Весной 478 г. пелопоннесский флот снова выступил в море, на этот раз, впрочем, в количестве только 20 триер, под начальством победителя при Платее, Павсания. К нему примкнуло 30 аттических кораблей и флоты освобожденных в предыдущем году ионийцев и лесбосцев. Заставив острова по карийскому берегу отложиться от персов, флот беспрепятственно подошел к Кипру, отнял у персов большую часть острова и затем вернулся в геллеспонтские воды, где после продолжительной осады взял Византию, последнюю крепость, которая еще оставалась здесь в руках персов.

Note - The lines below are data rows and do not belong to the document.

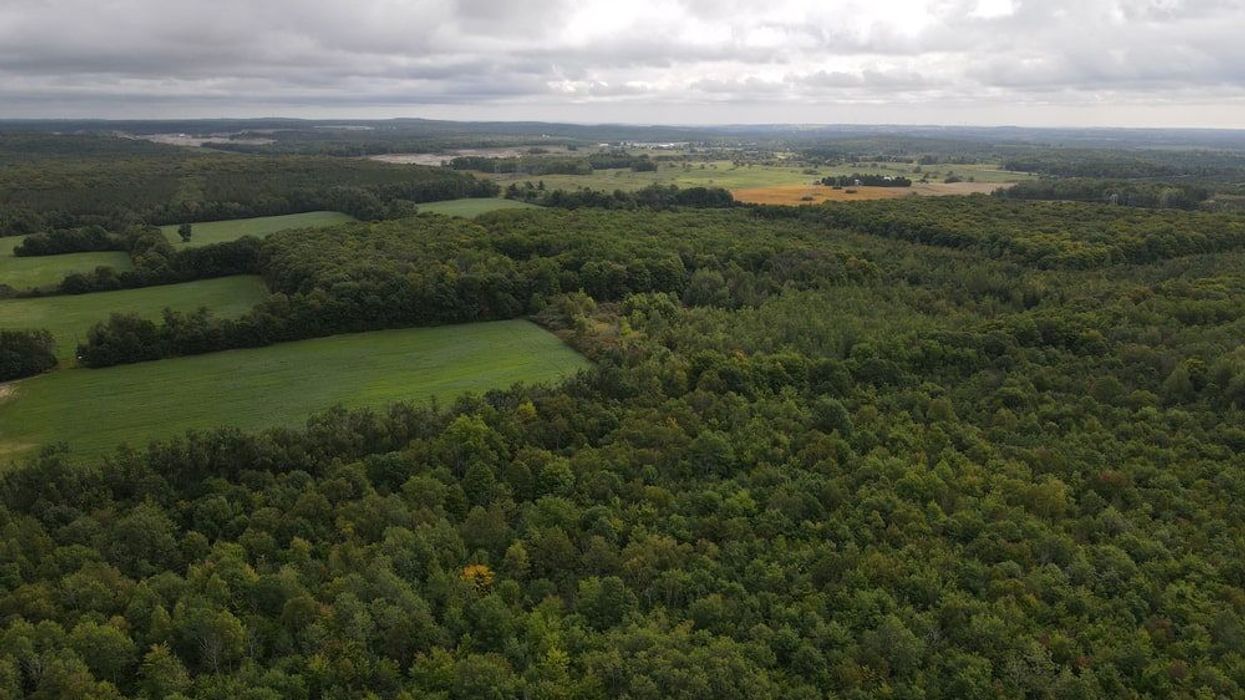 Ontario urban provincial park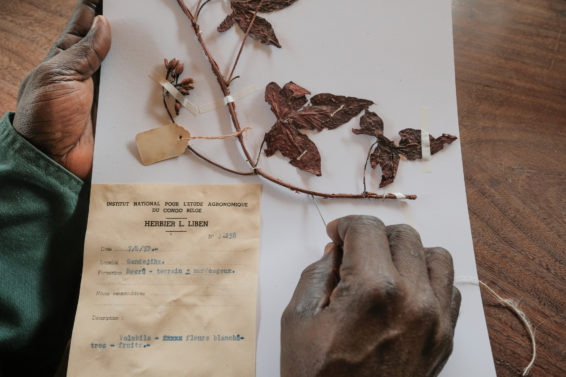 Hands organise old and rare botanical collection, Central Africa's largest, in Yangambi's herbarium, Democratic Republic of Congo (DRC)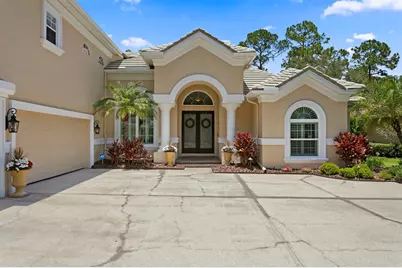 16423 Burniston Drive, Tampa, FL 33647 - Photo 3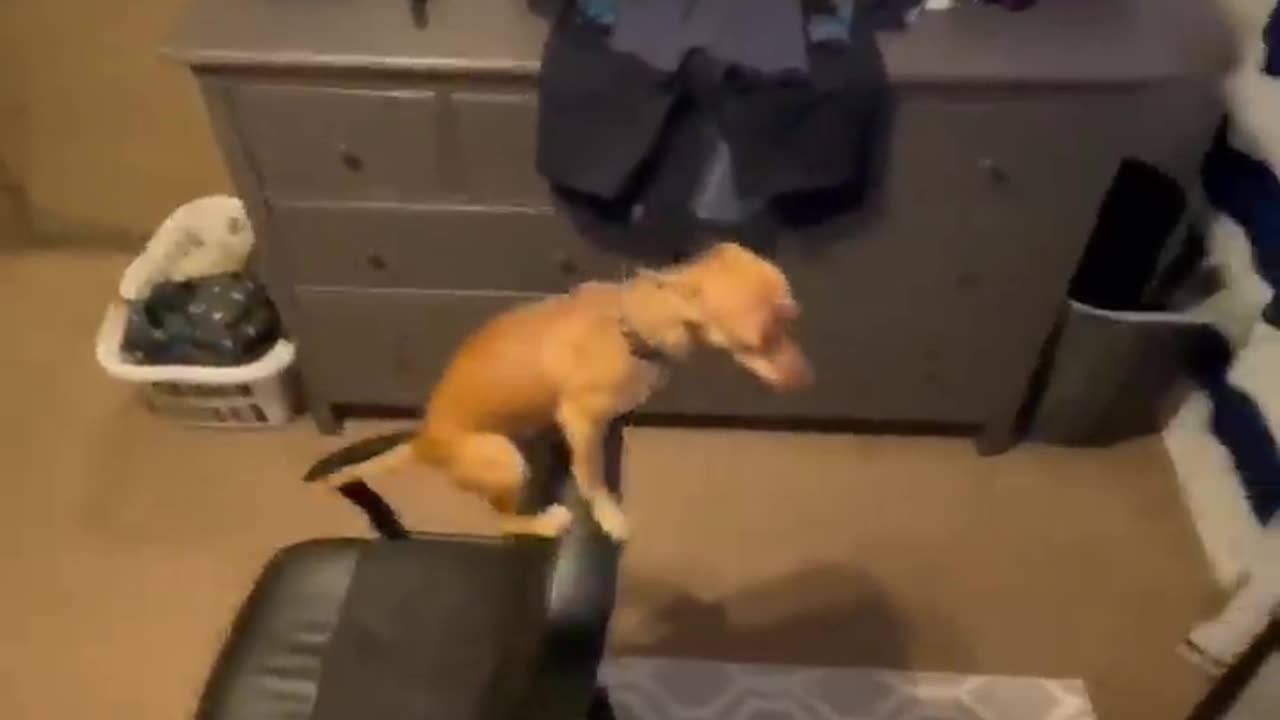 Super funny animal vedio l try not to laugh #1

До сих пор афиняне и на море добровольно подчинялись спартанской гегемонии, хотя они одни выставили больше кораблей, чем все пелопоннесцы, вместе взятые; это подчинение было единственным средством, которое делало возможной совместную деятельность пелопоннесского и аттического флотов. Но с тех пор как к союзу примкнули ионийцы, в пелопоннесцах больше не нуждались, тем более что они уклонялись от всякой сколько-нибудь значительной жертвы для морской войны; те 20 кораблей, которые пришли с Павсанием, легко можно было заменить другими. И разве не было безрассудством оставлять флот под командою офицеров, которые в продолжение всей своей жизни служили только на суше? Кроме того, суровые военные нравы спартанцев были очень несимпатичны азиатским грекам; а Павсаний, при своем крутом и высокомерном обращении, был менее всего способен расположить союзников к Спарте. Таким образом, после взятия Византии дело дошло до открытого мятежа на флоте. Ионийцы отказались подчиняться распоряжениям спартанского адмирала и предложили начальство в морской войне афинянам, которые, разумеется, не заставили долго просить себя (477 г.). По получении в Спарте известия об этих событиях Павсаний был отозван; но и его преемник, наварх Доркис, встретил у союзников не лучший прием. Спартанцам ничего другого не оставалось, как примириться с совершившимся фактом; они отозвали из флота пелопоннесские корабли и, в сущности, были очень довольны тем, что избавились от ведения дорогостоящей морской войны. Однако в Византии остался пелопоннесский гарнизон под начальством эретрийца Гонгила, которого Павсаний назначил комендантом города.